@Zeuge
In der negativen Theologie werden Gottesoffenbarungen nicht ausgeschlossen. Bei Eckhart dreht sich die komplette Lehre um die so genannte Gottesgeburt im Seelengrund, die wesentlich Gottesoffenbarung ist.

Nur verfestigt sich diese Offenbarung nicht in den weltlichen Strukturen. Man kann keine gültige Aussage über dieses „Urknallgeschehen“ im Innersten der Seele treffen. Man kann trotz dieser Offenbarung nicht sagen: Gott ist hier, oder er ist da, oder ist so oder er ist so...

Für gewöhnlich wird aber ein solches Ereignis in den bereits vorhandenen kulturellen, oder religiösen Kontext gedeutet/übertragen und in den weltlichen Strukturen als festes Wissen, tiefe Gläubigkeit, oder restlose Überzeugung angesehen, dass mir Gott eben als Gläubiger des Christentums, des Judentums, des Islam etc. begegnet ist und quasi als Beweis für die Richtigkeit des Glaubens gewertet (und die Unrichtigkeit des Glaubens anderer).

Das dadurch entstandene positive Gottesbild wird also starr, verfestigt sich, anstatt es wie in der negativen Theologie als geschaffen, sich quasi in einem lebendigen Prozess aus Werden, Sein, Vergehen zu deuten und auch diese höchste Erkenntnis, als so genanntes „nichterkennendes Erkennen“ wieder sein zu lassen.
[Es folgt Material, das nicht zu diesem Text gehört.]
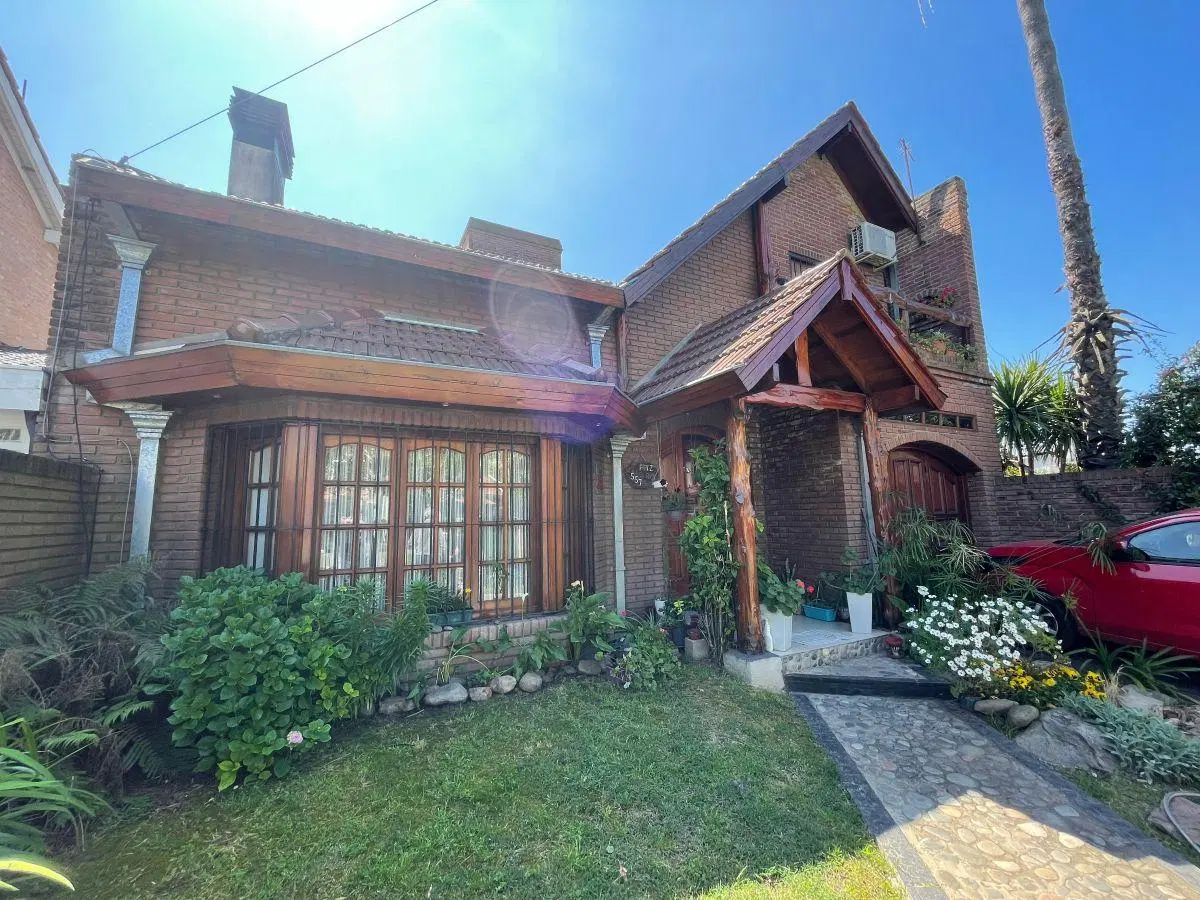 CHALET 4 AMBIENTES 1
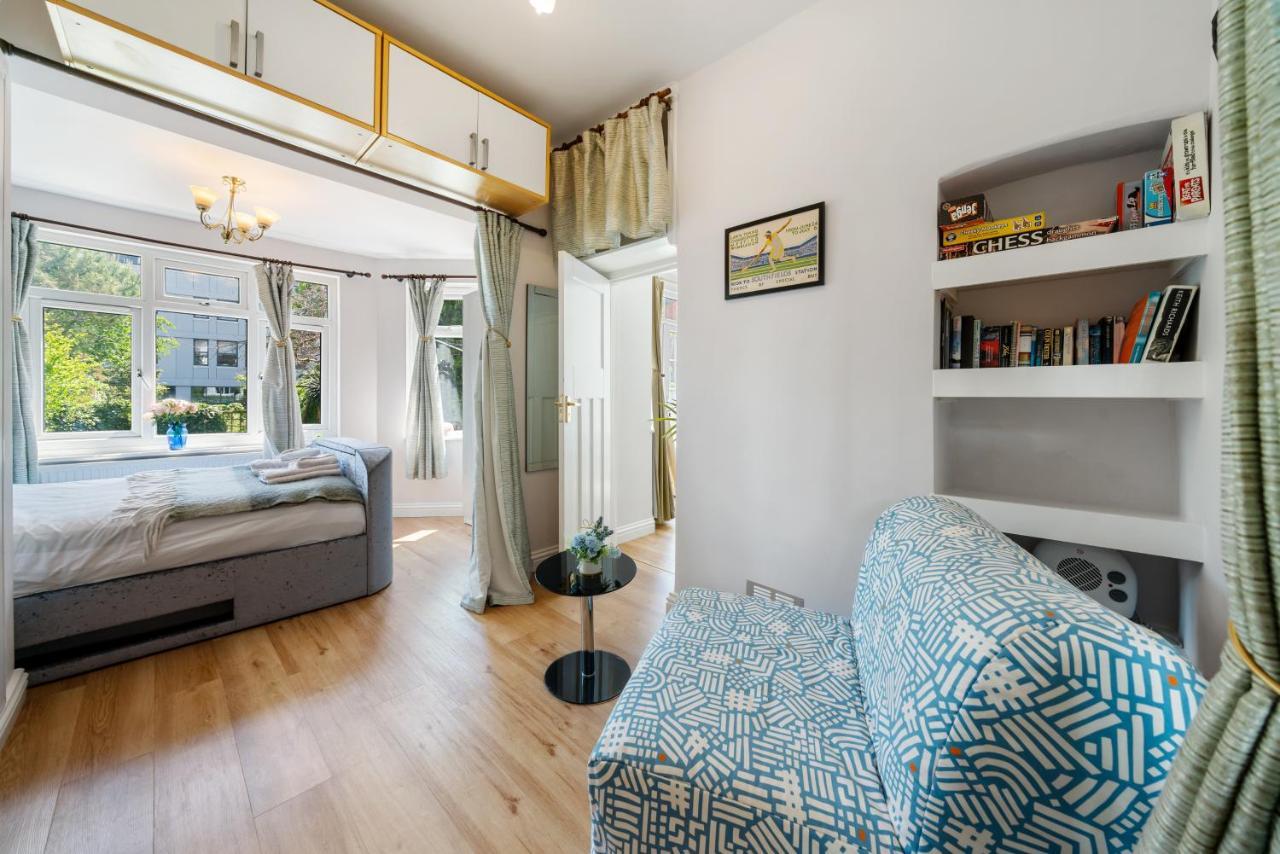 Lovely Garden Apartment In Wimbledon Town Centre With Private Parking By Wimbledon Holiday Lets Londra Exterior foto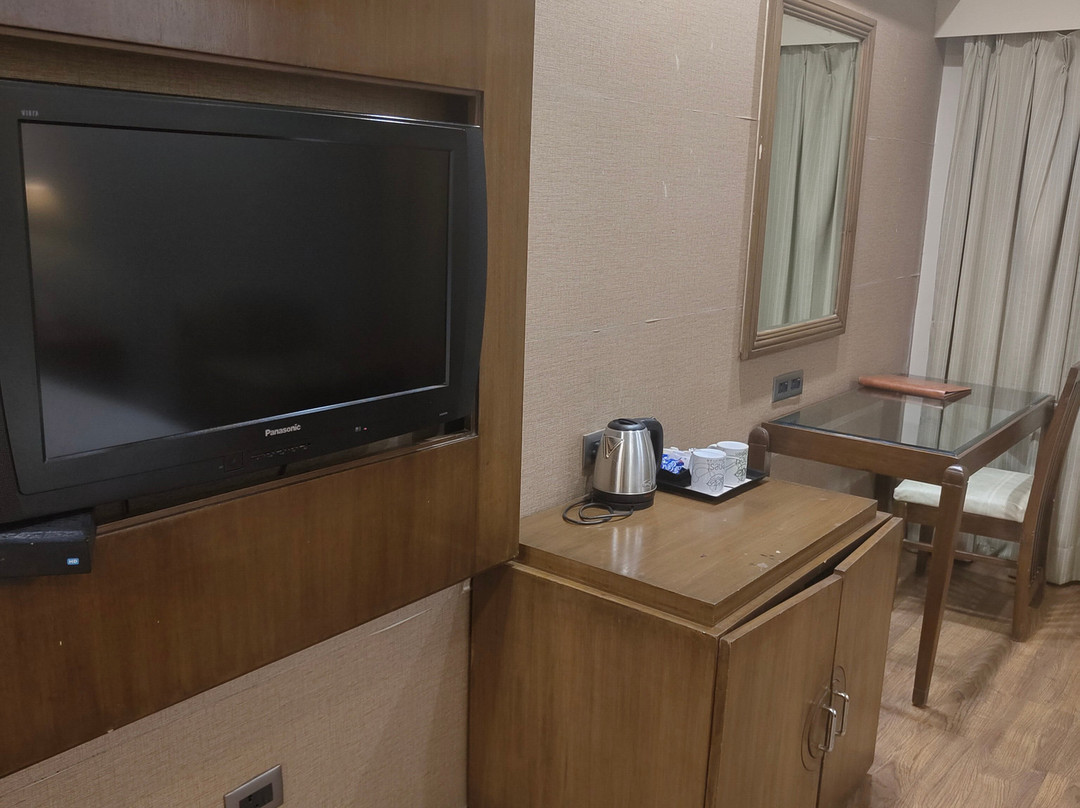 Renest Gandhidham主图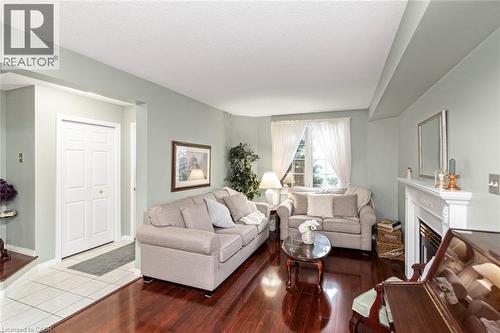 10 Richview Drive, Hamilton, ON - Indoor Photo Showing Living Room With Fireplace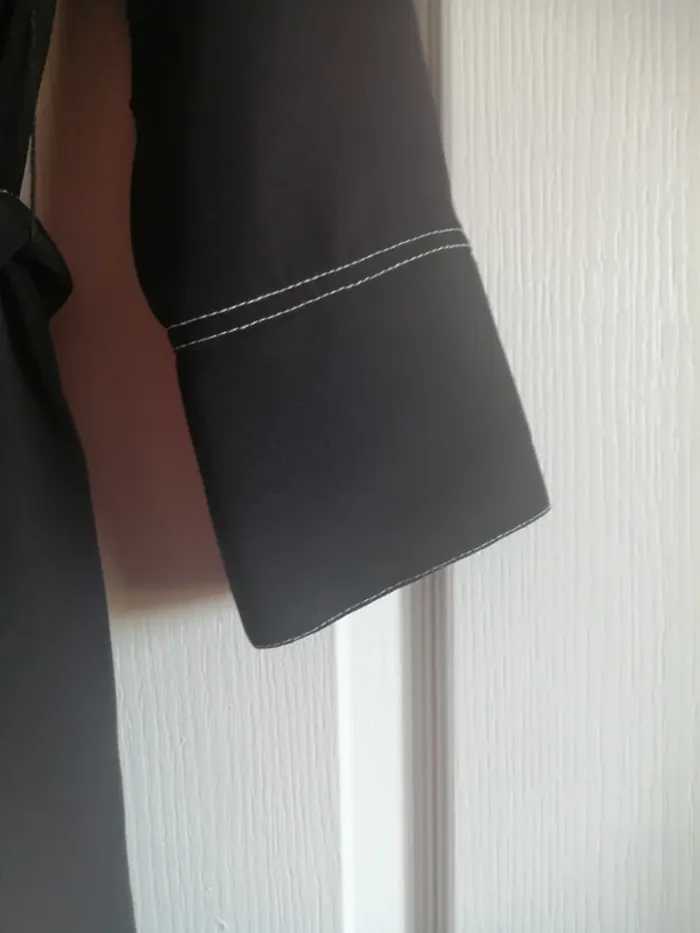 Robe Zara noir et blanche à gros boutons - photo numéro 5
In der negativen Theologie gibt es also durchaus "Gottesoffenbarungen" und die haben dann auch existentiellste Auswirkungen auf den Gläubigen, sind aber eben kein festes Wissen über Gott.
Gott so wie er Gott ist, bleibt auch dort letztlich unerkannt, selbst wenn man staunend und anbetend der Gottesgeburt im Seelengrund gewahr werden durfte.